Re: [GIT PULL] bcachefs

Linus Torvalds <torvalds@xxxxxxxxxxxxxxxxxxxx> · Thu, 10 Aug 2023 22:53:27 -0700

On Thu, 10 Aug 2023 at 22:29, Kent Overstreet <kent.overstreet@xxxxxxxxx> wrote:
>
> On Thu, Aug 10, 2023 at 10:20:22PM -0700, Linus Torvalds wrote:
> > If it's purely "umount doesnt' succeed because the filesystem is still
> > busy with cleanups", then things are much better.
>
> That's exactly it. We have various tests that kill -9 fio and then
> umount, and umount spuriously fails.

Well, it sounds like Jens already has some handle on at least one
io_uring shutdown case that didn't wait for completion.

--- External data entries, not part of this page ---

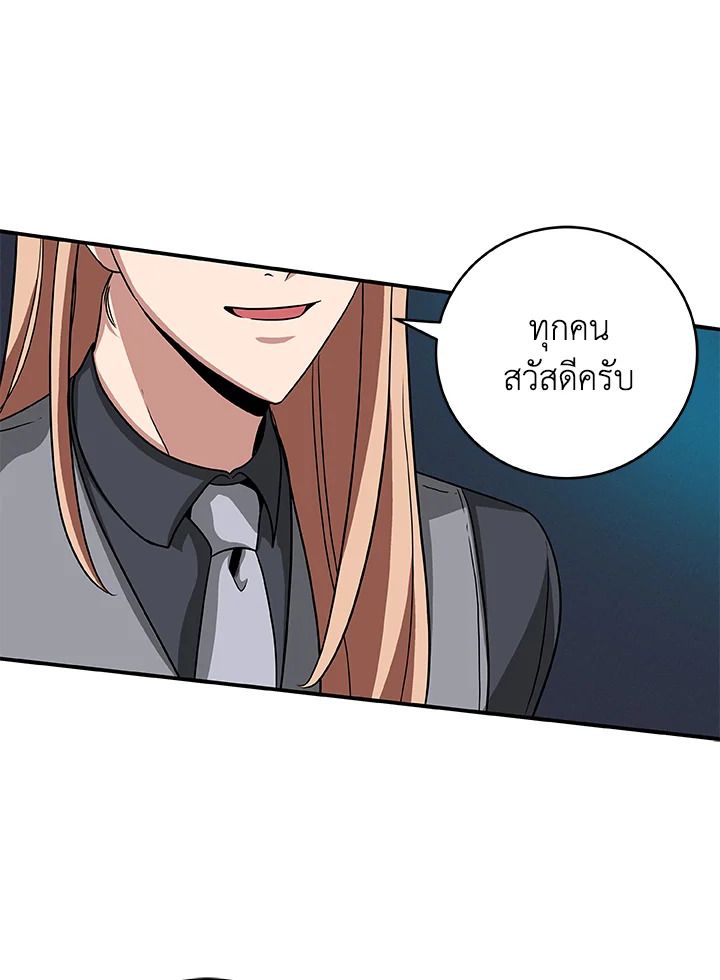 Grand Warlock Streamer ตอนที่ 48 40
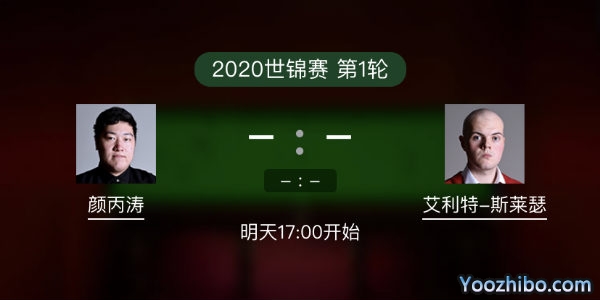 <a href=/tiyupindao/ybt/ target=_blank class=infotextkey>颜丙涛</a>vs艾利奥特-斯莱瑟赛事前瞻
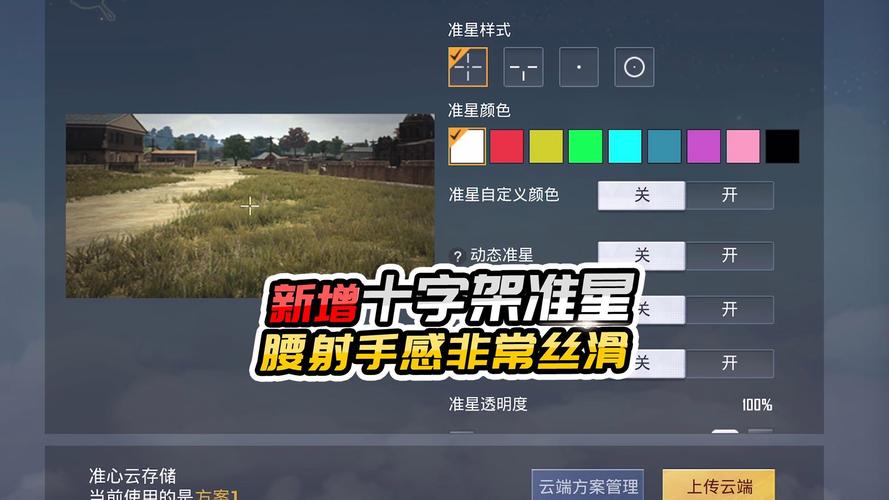 和平精英十字架准星图标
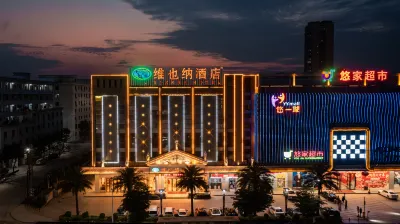 Vienna Hotel (Fengshunwenquan) Các khách sạn ở Phong Thuận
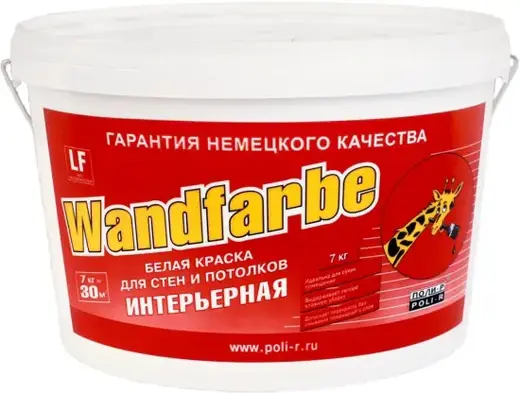 Поли-Р Wandfarbe краска для стен и потолков интерьерная (7 кг) белая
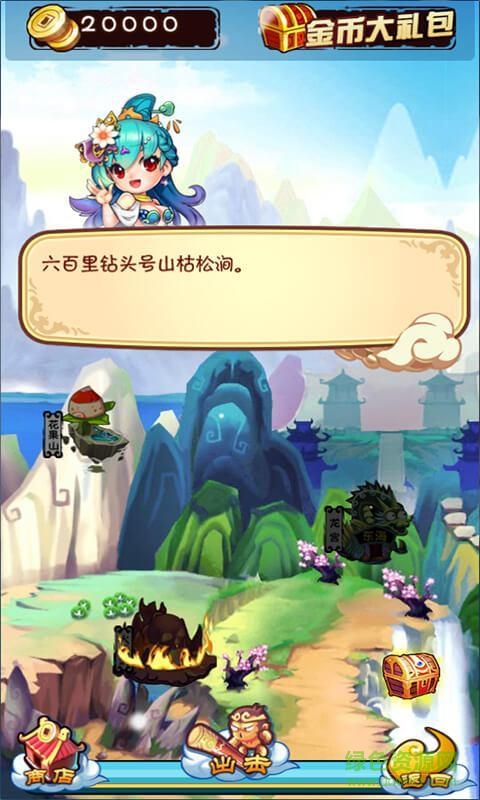 西游戰(zhàn)紀猴哥歸來內購修改版 v1.0 安卓修改版 1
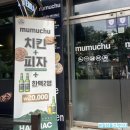 무무추 연산점 네이버블로그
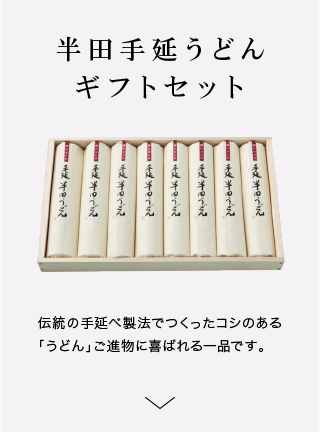 半田手延べうどんギフトセット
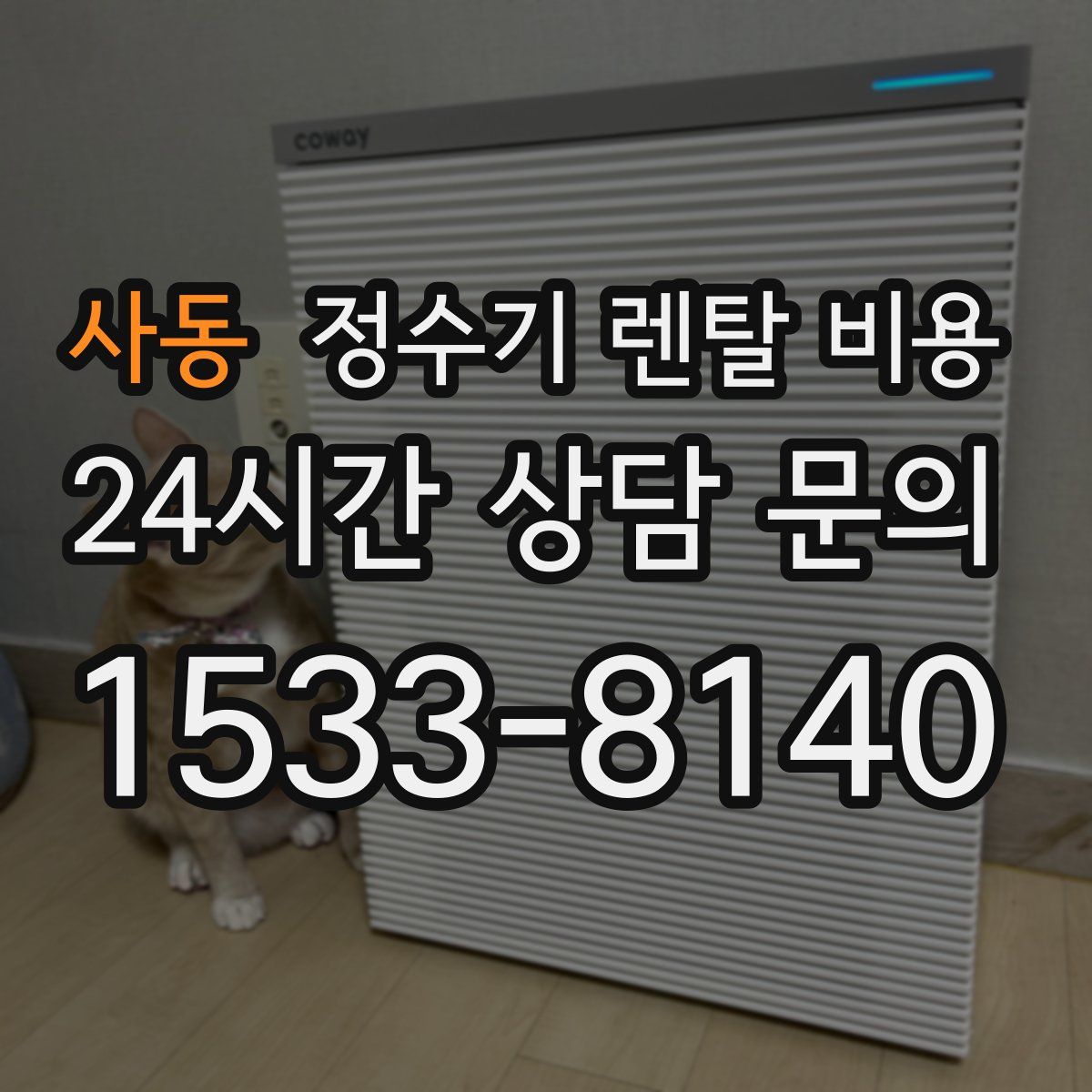 사동 정수기 렌탈 비용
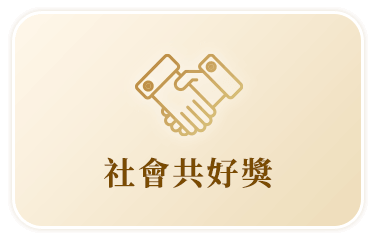 社會共好實踐獎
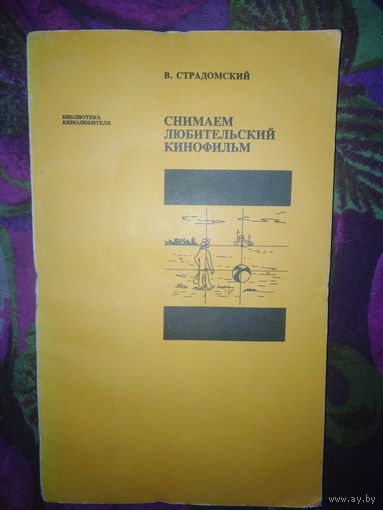 Страдомский, Снимаем любительский кинофильм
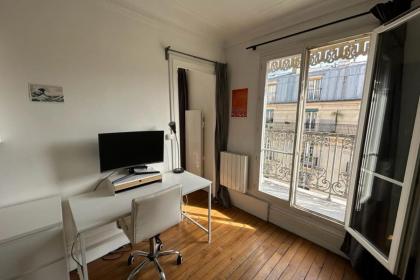 32 m near the Jardin des Plantes - image 12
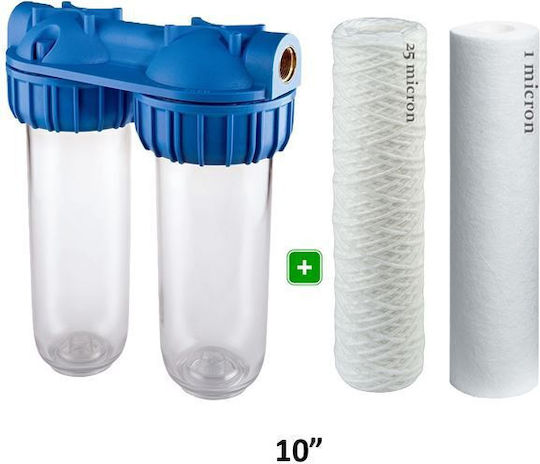 Atlas Filtri 3P AFO SX Senior Plus Duplex Συσκευή Φίλτρου Νερού Διπλή Κάτω Πάγκου / Κεντρικής Παροχής Διατομής 3/4'' με Ανταλλακτικό Φίλτρο FA 25mcr, CPP 1mcr Atlas Filtri 10" 80216471543611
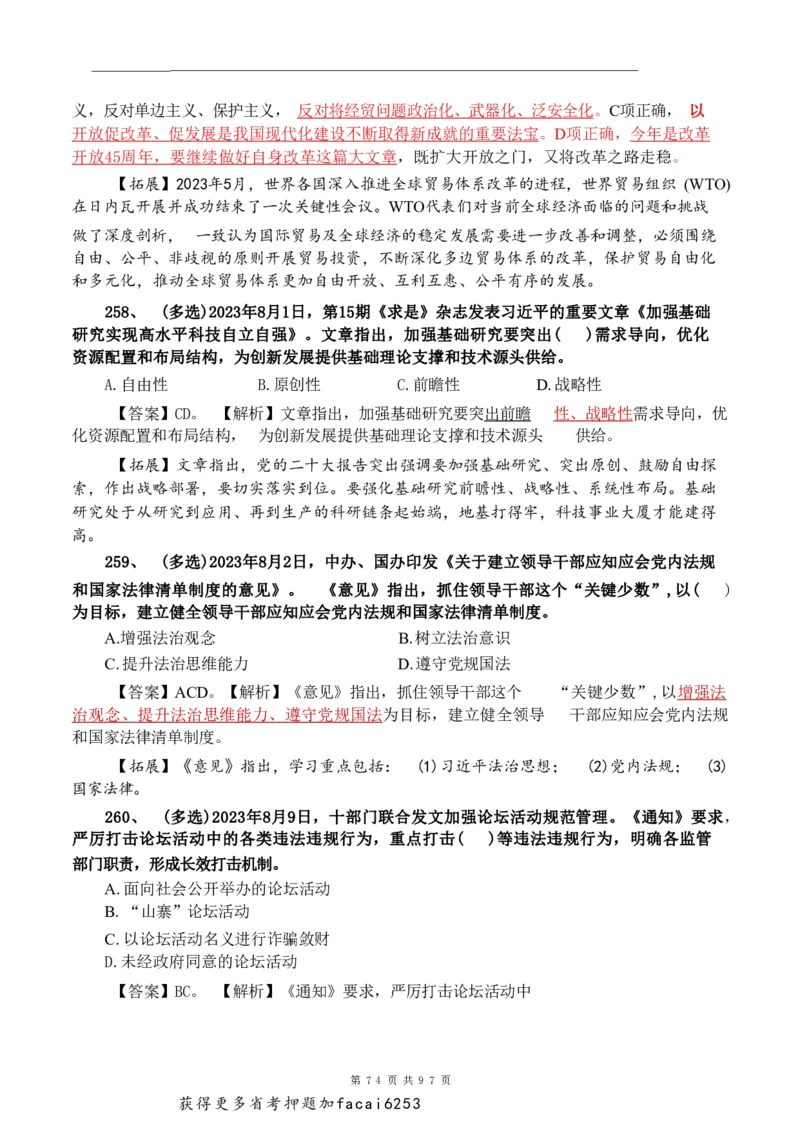 考前时政押题320题-更新至24年3月初_2026考公资料_（20）李梦娇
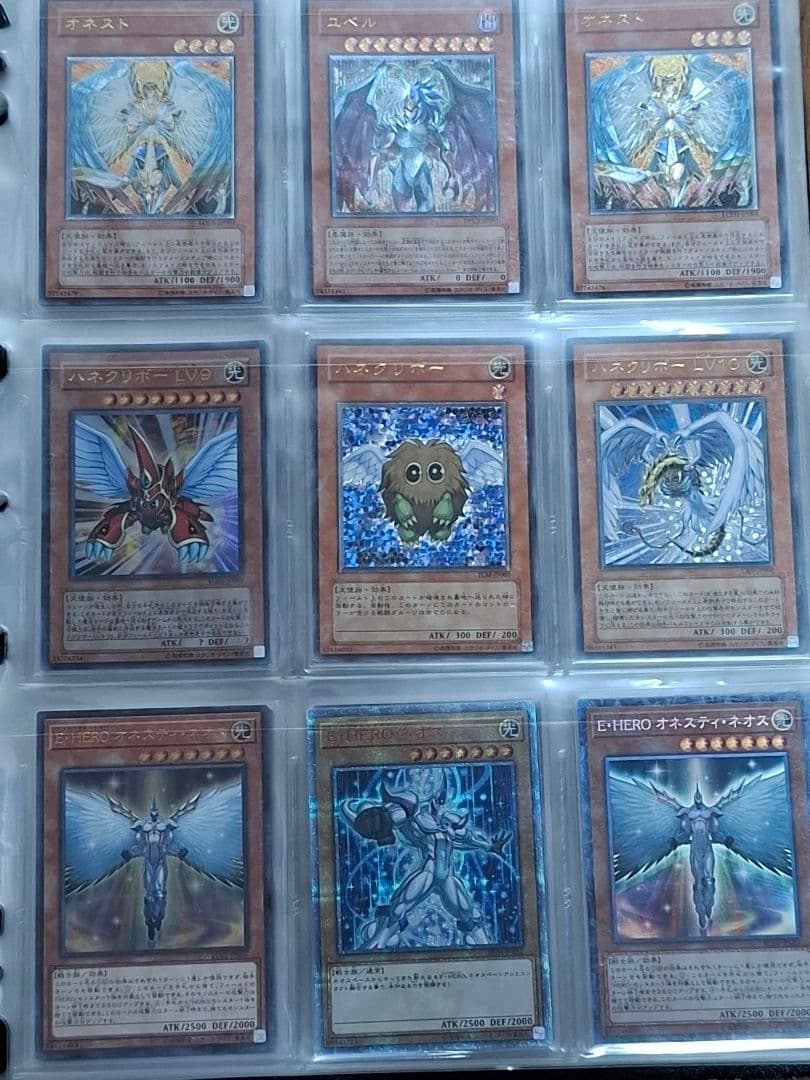 遊戯王　レリーフ　ファイル　コレクション引退品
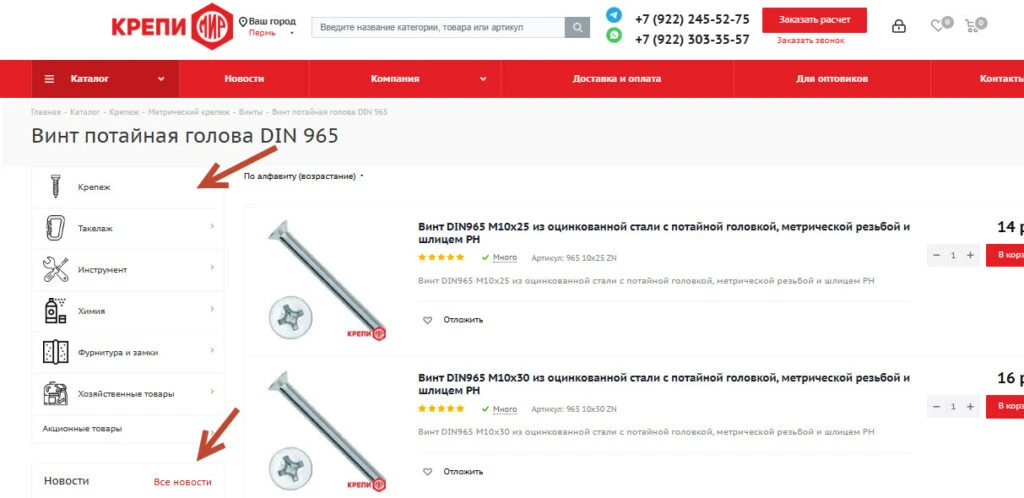 сайдбар
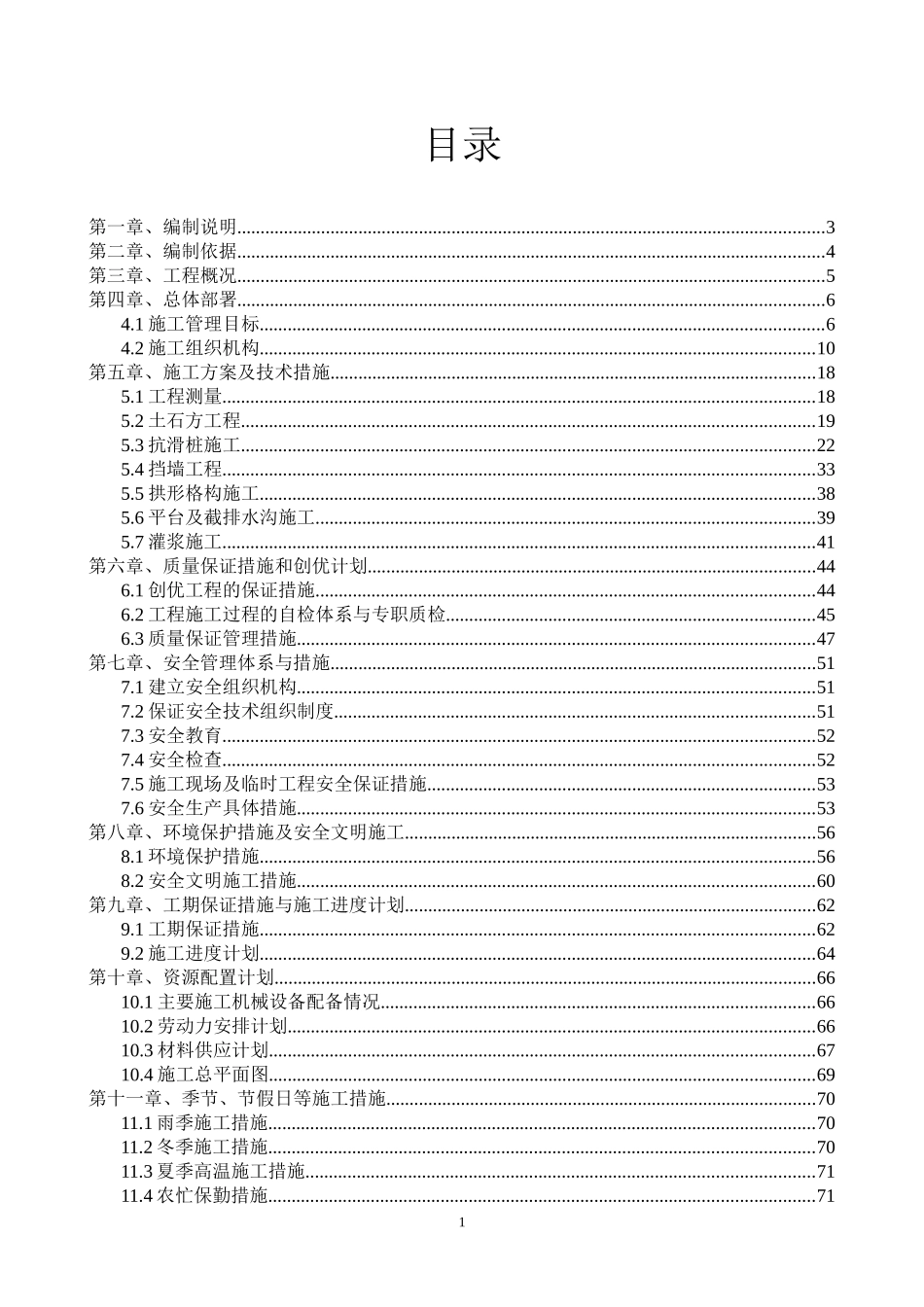 xx平陆县地质灾害施工组织设计_第1页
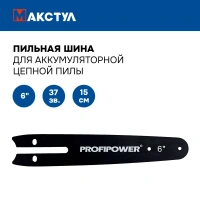Шина MAX 6" 1/4" 1.1мм 37зв. Арт. B0727
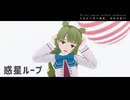 【MMD艦これ】惑星ループ【ゆうぐもマッマ】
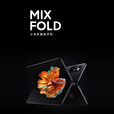 小米（MI）UI/小米 X FOLD 折叠屏手机5G双屏遥控高 黑色 12GB+512GB x 5G全网通 x 套餐5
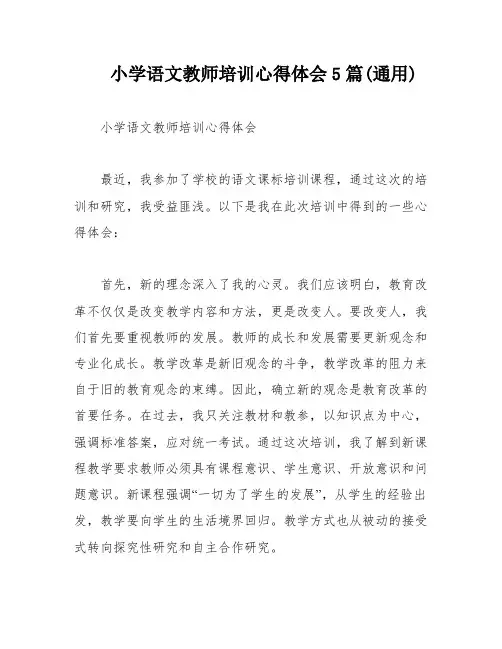 小学语文教师培训心得体会5篇(通用)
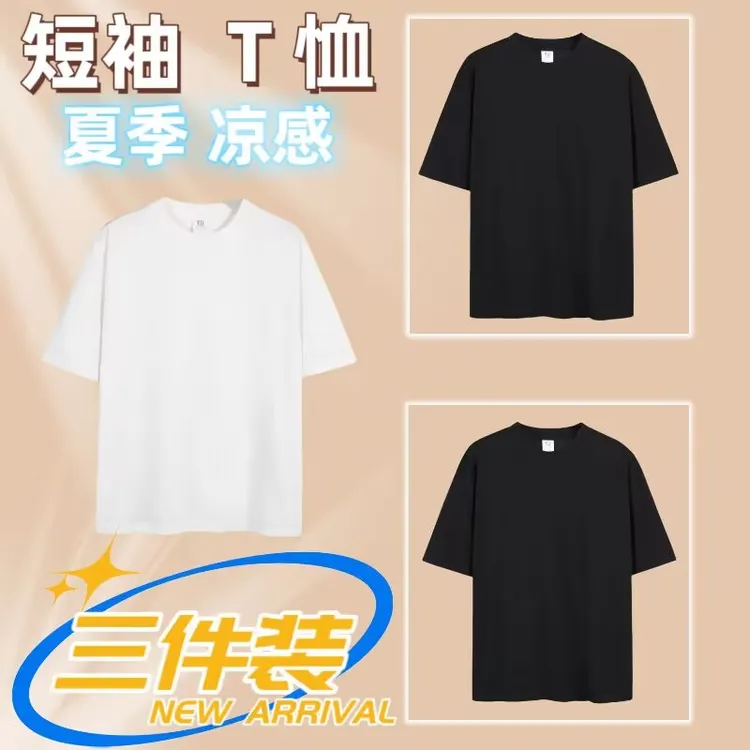 【买一送二 到手3件】新款纯棉男士短袖t恤男装纯色半袖夏季上衣服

At the same time, a random -EBUSY is kind of an expected failure in
real life, since outside of strictly controlled environments you could
easily have just some entirely unrelated thing that just happens to
have looked at the filesystem when you tried to unmount it.

So any real-life use tends to use umount in a (limited) loop. It might
just make sense for the fsstress test scripts to do the same
regardless.

There's no actual good reason to think that -EBUSY is a hard error. It
very much can be transient.

In fact, I have this horrible flash-back memory to some auto-expiry
scripts that used to do the equivalent of "umount -a -t autofs" every
minute or so as a horrible model for expiring things, happy and secure
in the knowledge that if the filesystem was still in active use, it
would just fail.

So may I suggest that even if the immediate issue ends up being sorted
out, just from a robustness standpoint the "consider EBUSY a hard
error" seems to be a mistake.

Transient failures are pretty much expected, and not all of them are
necessarily kernel-related (ie think "concurrent updatedb run" or any
number of other possibilities).

          Linus